The Kerala State Industrial Development Corporation (KSIDC) has partnered with Cheraman Financial Services Limited, a Kochi-based Islamic fund. KSIDC has 11 per cent share in the Rs. 250 crore fund which is a shariah-based entity aimed at funding selected sectors.
Cheraman is the new avatar of the Al Baraka fund proposed by KSIDC two years ago.
The Al Baraka initiative was intended to mobilise funds from Muslim expatriates, mainly from the Gulf countries, and utilise it for industrial development projects in the State. It is also understood to be the first of its kind in the country.
Islamic funds are in operation in various countries such as United Kingdom and Malaysia.
The KSIDC move had received a jolt when the High Court had stayed it temporarily, following a writ petition filed by Janata Party leader Subramanian Swamy challenging the constitution of the fund.

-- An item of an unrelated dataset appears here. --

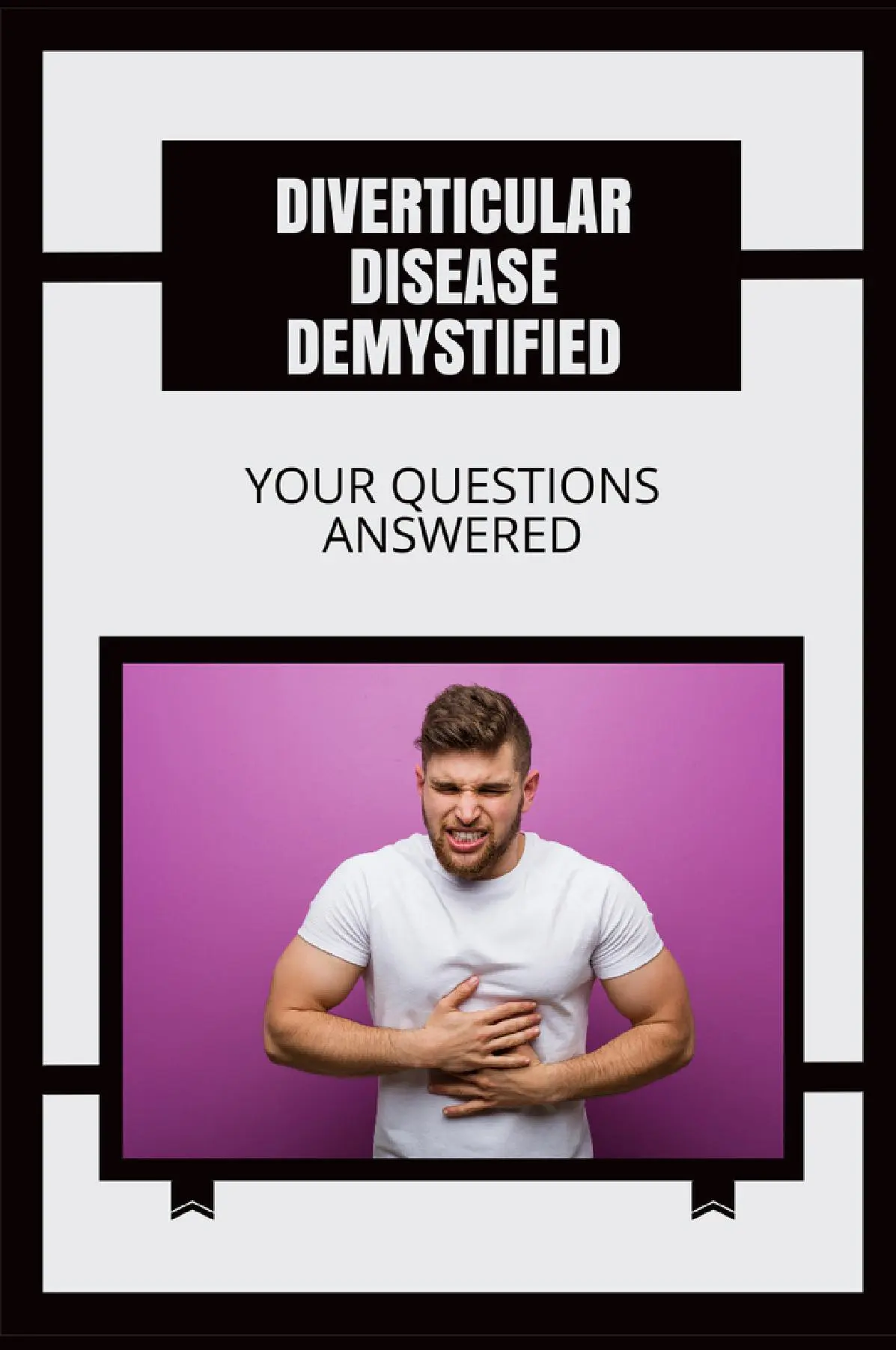 Diverticular Disease Demystified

The shariah-compliant fund can be deployed in specified projects only. Liquor manufacturing and speculative businesses are forbidden under the Islamic banking regime. There is no place for money accrued as interest on capital.

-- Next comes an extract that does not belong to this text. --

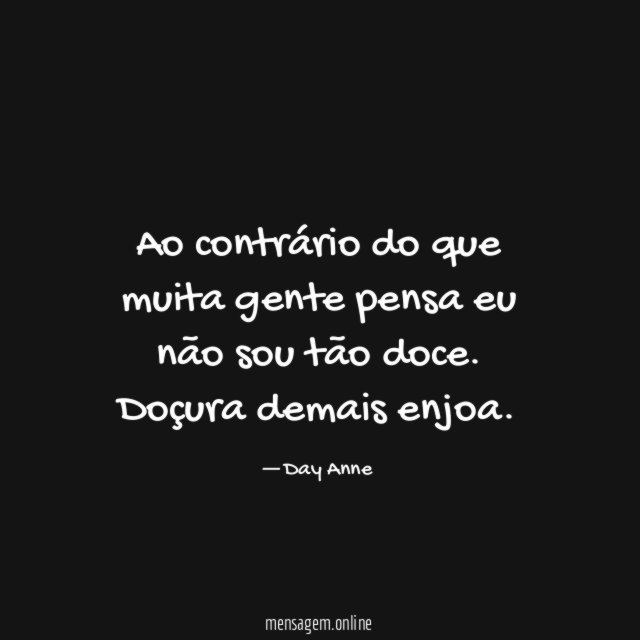 Ao contrário do que muita gente pensa eu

Mr. Swamy had raised key questions of fundamentalism in banking and the State’s involvement in Islamic banking in a secular country. The court rejected the arguments, but one of the important aspects revolved around the question of the Reserve Bank of India (RBI) according permission to Islamic banking.

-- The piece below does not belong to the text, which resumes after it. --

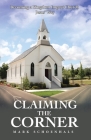 Claiming the Corner: Becoming a Kingdom Impact Church Jesus' Way By Mark Schoenhals Cover Image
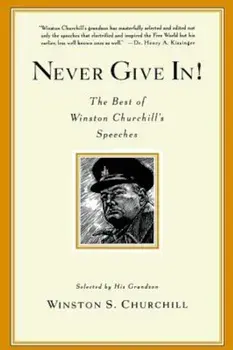 Never Give In!: The Best of Winston Churchill's Speeches, Paperback/Winston S. Churchill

RBI Governor D. Subbarao, during his recent visit to the city to declare Ernakulam as a fully banked district, had responded to the issue, stating that the Banking Regulation Act did not permit Islamic banking in the country. He had also said that alternative modes were available for raising funds.
While the RBI is understood to have retained its position so far, the KSIDC has chosen an alternative route to join hands with the Islamic fund managers.
Cheraman has received the go-ahead from the Securities and Exchange Board of India (SEBI) and has been registered as a trust, according to a spokesman of the company.
A Bombay-based committee of experts would examine the projects for sharia-compliance, the spokesman said. Three projects were under consideration for funding, he said. A.P.M. Mohammed Hanish, Managing Director of Roads and Bridges Development Corporation of Kerala Limited, who heads the new venture, said the funds would be deployed in companies adopting ethical investment procedures.
When contacted, Subramanian Swamy said he was not aware of the details and was sceptical. Would there be documentary evidence on Shariah compliance, he asked.
The original entity was conceived as a non-banking finance company which came under RBI rules applicable to the sector. With the fund managers approaching SEBI and getting its nod, the NBFC hurdle could be avoided, paving the way for the new Islamic fund.